Previous articles 1 & 2 have spelled out why college or graduate schools often do a seriously bad job handling investigations, hearings and decisions on disciplinary charges against students. They’ve detailed how students are often denied due process in many campus disciplinary hearings that, for example, forbid students from having legal representation during hearings, fail to spell out or properly investigate charges, or give school officials virtual carte blanche in presenting and deciding cases.
Any lawyer who has tried to help students in school disciplinary proceedings will have stories of almost unbelievably unfair procedures, unlike those found in any hearings elsewhere, and painfully amateurish or arbitrary decision making.

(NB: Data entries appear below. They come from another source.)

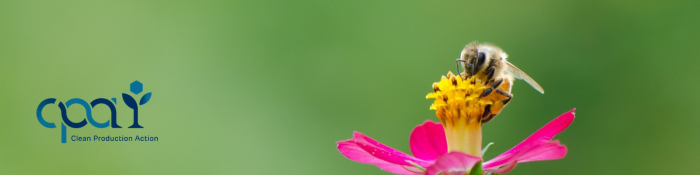 Bee_Flower_Banner.png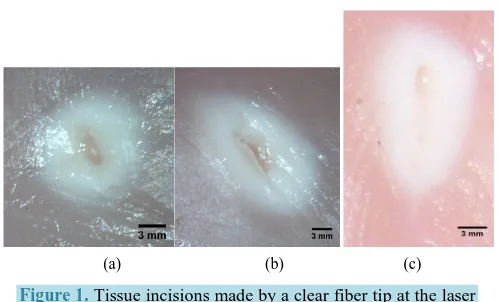 Figure 1. Tissue incisions made by a clear fiber tip at the laser output power of 3 W (а), 4 W (b), and 7 W (c)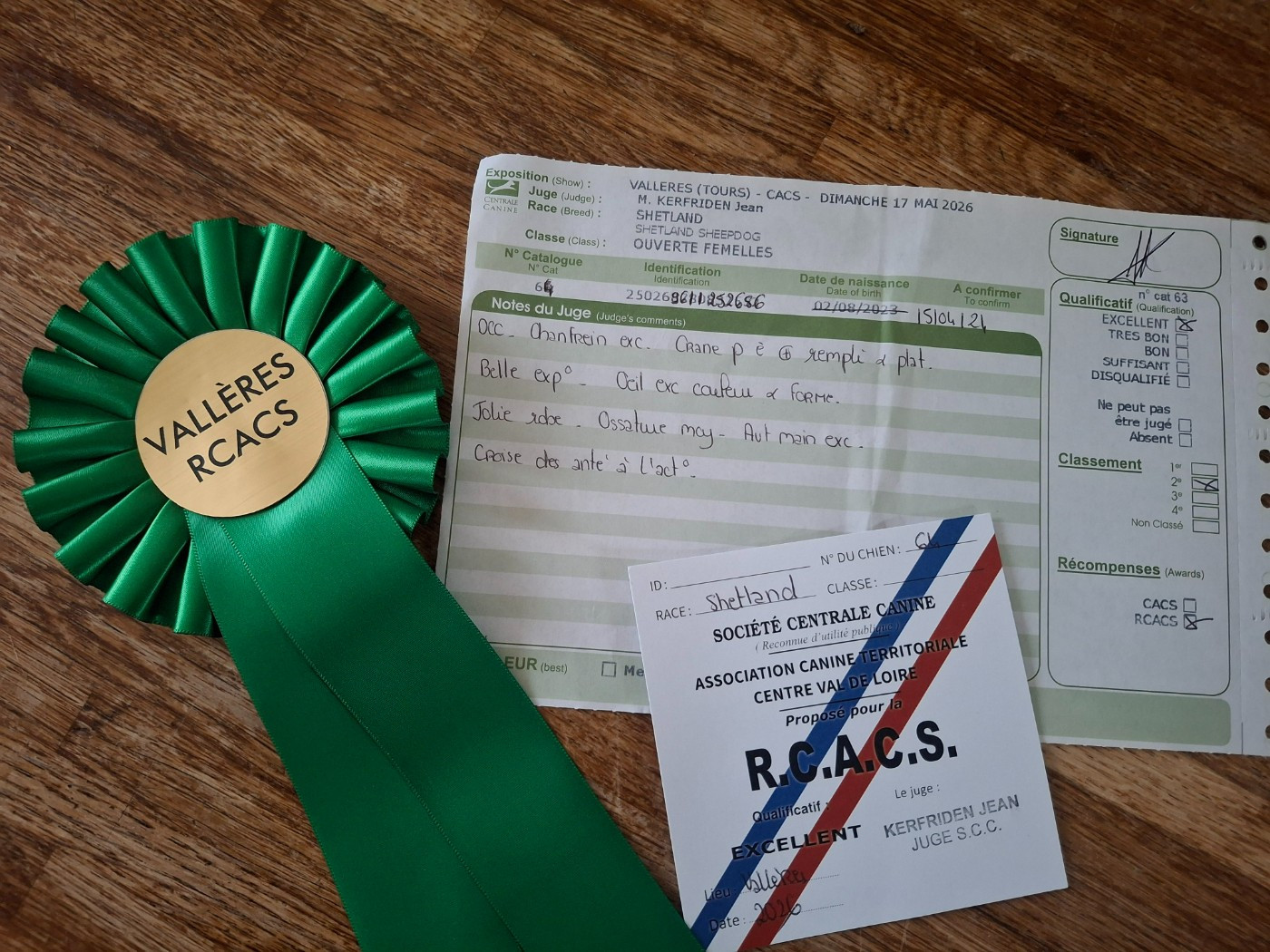 Victoire élégante argentée De La Vallée De Rivendell - 2 ème excellent RCACS en classe ouverte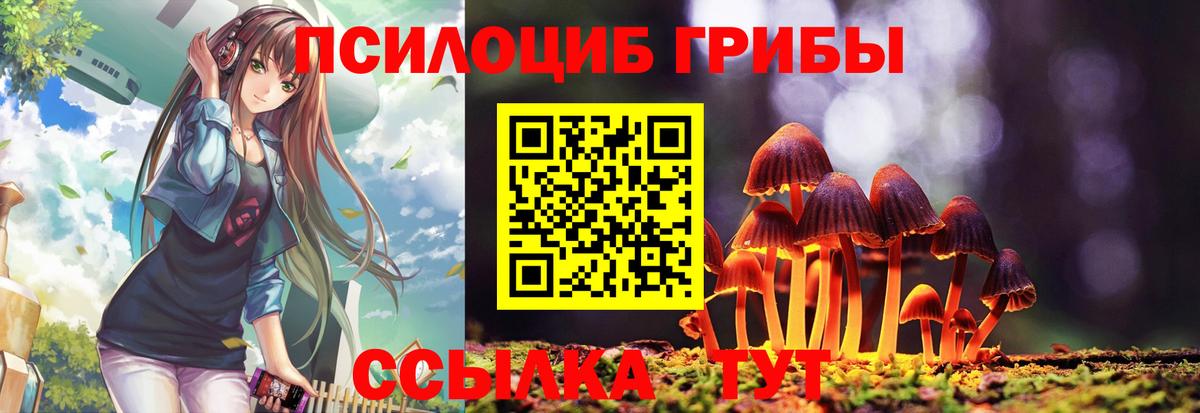 Псилоцибиновые грибы GOLDEN TEACHER Среднеуральск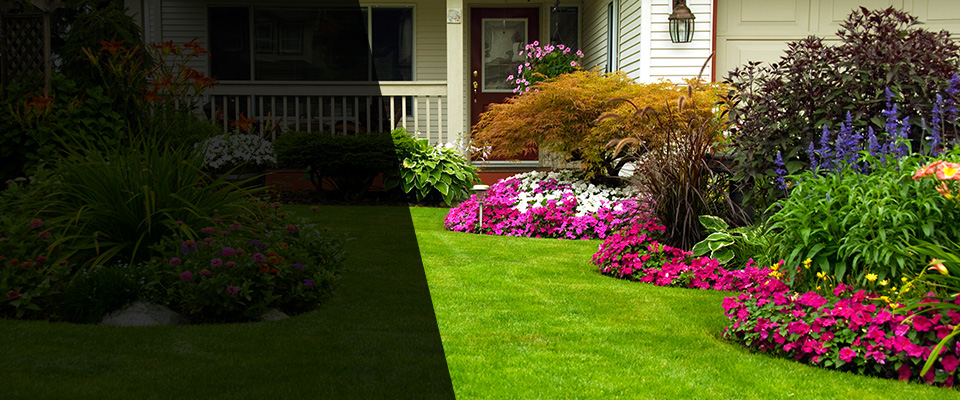 Warner Robins Landscapers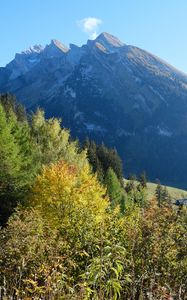 Preview wallpaper mountain, peak, trees, nature, landscape, view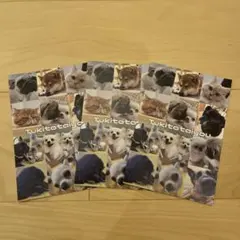 猫　犬　カフェ　ポストカード　3枚セット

For example, I once represented a client at a school disciplinary hearing in which the top campus security official offered testimony that two other students had reported my client had used drugs during the current semester. The “testimony” contained no details whatsoever on where or when the alleged drug use took place. The “informants” also chose to remain anonymous, and school officials bringing the case made no attempt to reveal the informants’ identity, much less their reliability or potential animus towards the accused. It probably goes without saying there was no opportunity to confront or cross-examine the nameless accusers.
Adding to the proceeding’s absurdity: the charges the student faced had nothing to do with his use or possession of drugs. In any objective criminal court, the “evidence” would have been excluded as hearsay, irrelevant and prejudicial. Similarly, the accused would have been accorded the constitutional right to confront and cross-examine accusers — but not at this institution of higher learning.

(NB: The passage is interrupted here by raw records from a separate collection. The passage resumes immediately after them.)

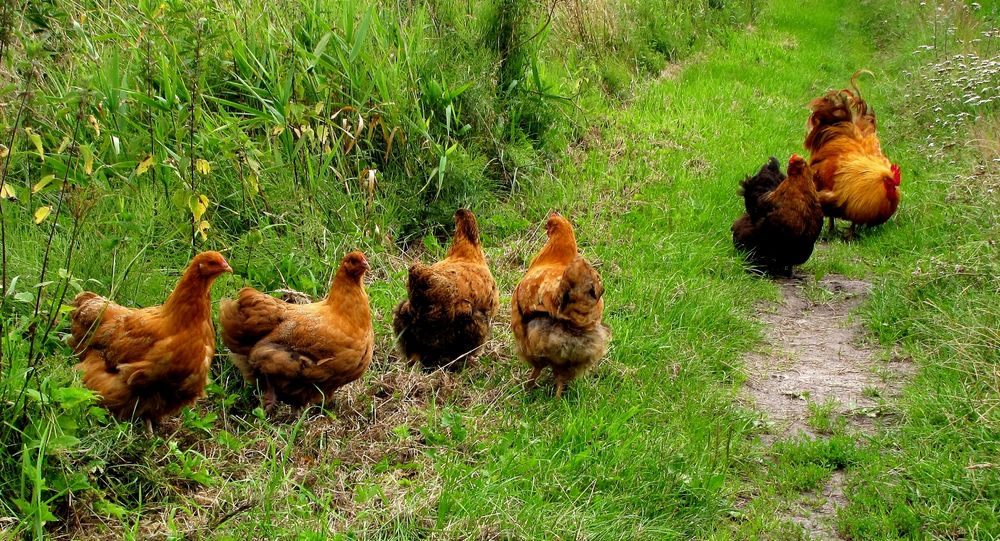 Und das sind die Kinderchen von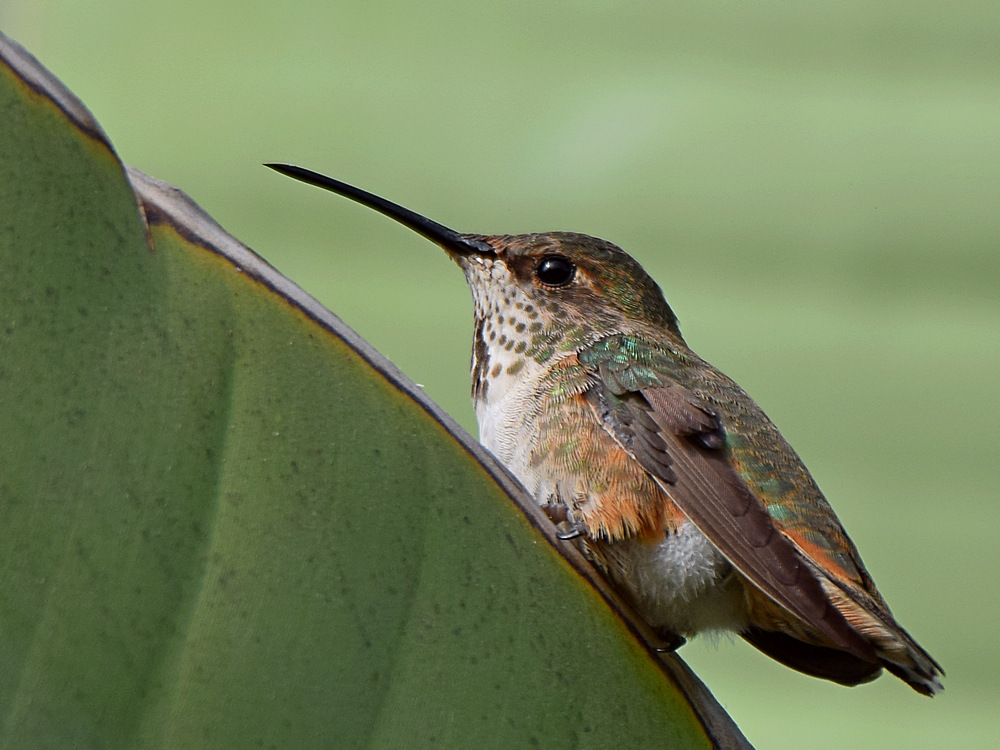 Hummer3.jpg
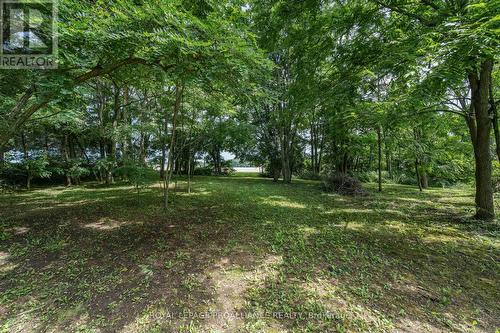 Pt Lot3 Cressy Bayside Road, Prince Edward County (Athol), ON 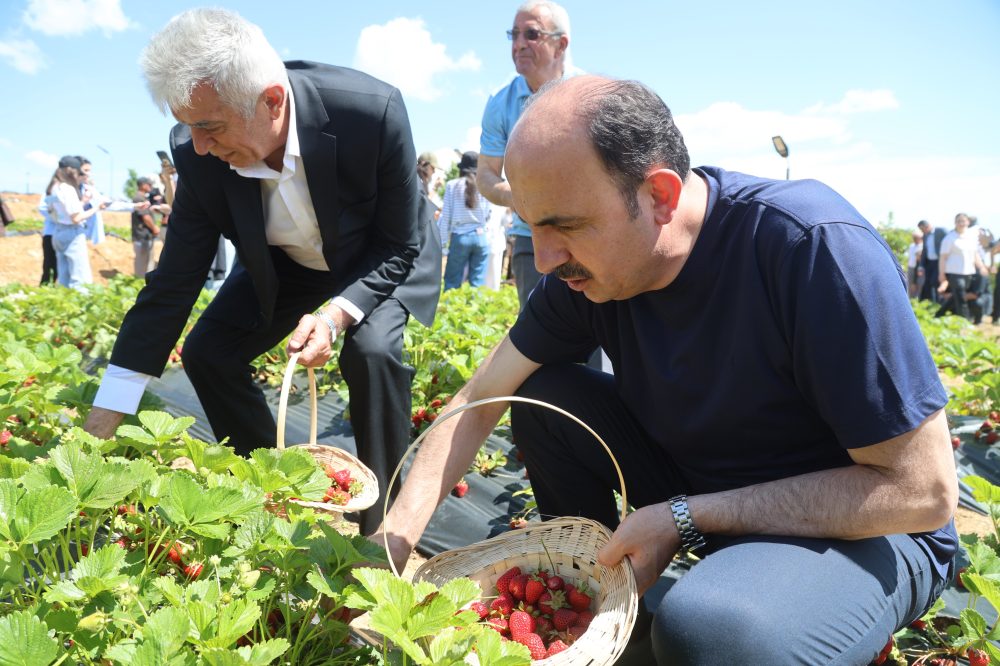 çilekkk.jpg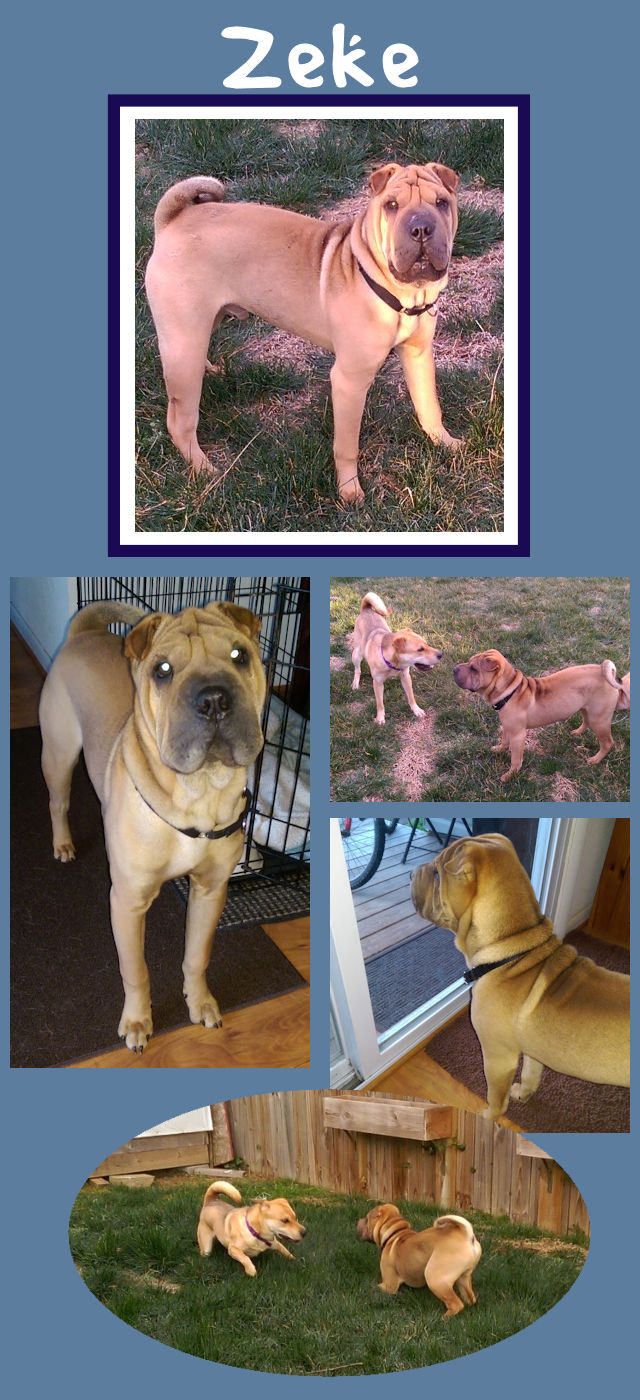 Shar-Pei - Zeke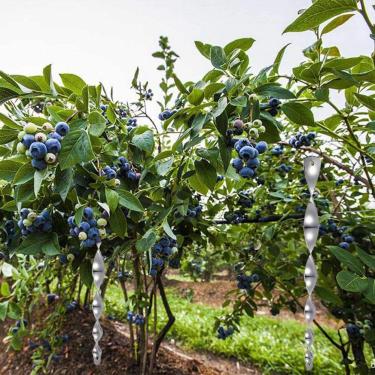 Imagem de Zhjvihx Haste Repelente de Pássaros, 12 Peças, Hastes Reflexivas de Susto para Pássaros, Ecológicas para Casa, Jardim, Varanda, árvores Frutíferas, Carros (Prata)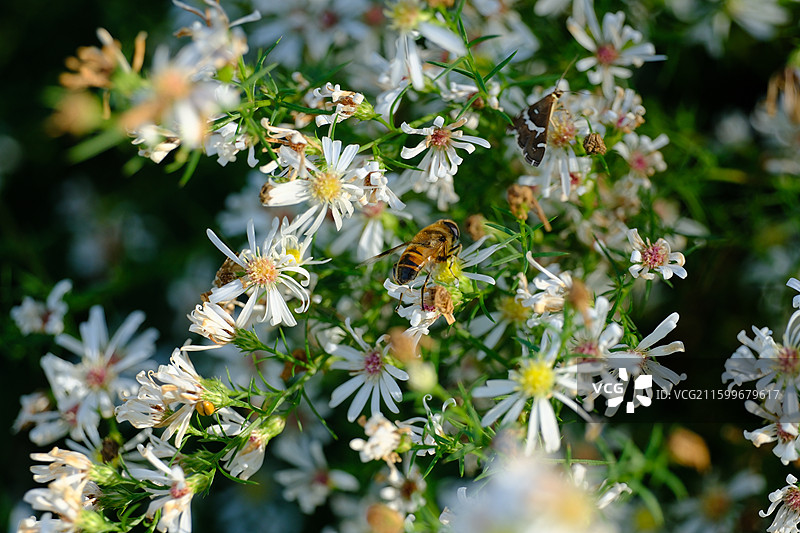石家庄植物园。野菊花。柳叶白菀。清新柏树小花风景背景图。壁纸图片素材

As recognition mounts of the serious flaws in college disciplinary hearings, a variety of proposals have been offered to mend it. Some of these suggestions would in fact make things far worse, not better. The U.S. Department of Education’s Office of Civil Rights (OCR), which is supposed to protect students’ civil rights on campus, in fact has taken the lead in suggesting new ways schools should trample on the rights of students facing school disciplinary hearings.
For example, when post-secondary students face school disciplinary hearings on charges of sexual misconduct (the term encompasses a wide range of accusations, ranging from unwelcome advances up to assaults), OCR has urged schools not to accord an accused the presumption of innocence, which is automatic in any real court in the land.
Instead, OCR argues for a “preponderance of the evidence” standard — meaning that whoever is deciding the case (usually a group of academics, school staffers or students, all likely to have little or no appreciation of the civil and legal rights issues) need only view the case against an accused as slightly stronger than the case presented by the defense.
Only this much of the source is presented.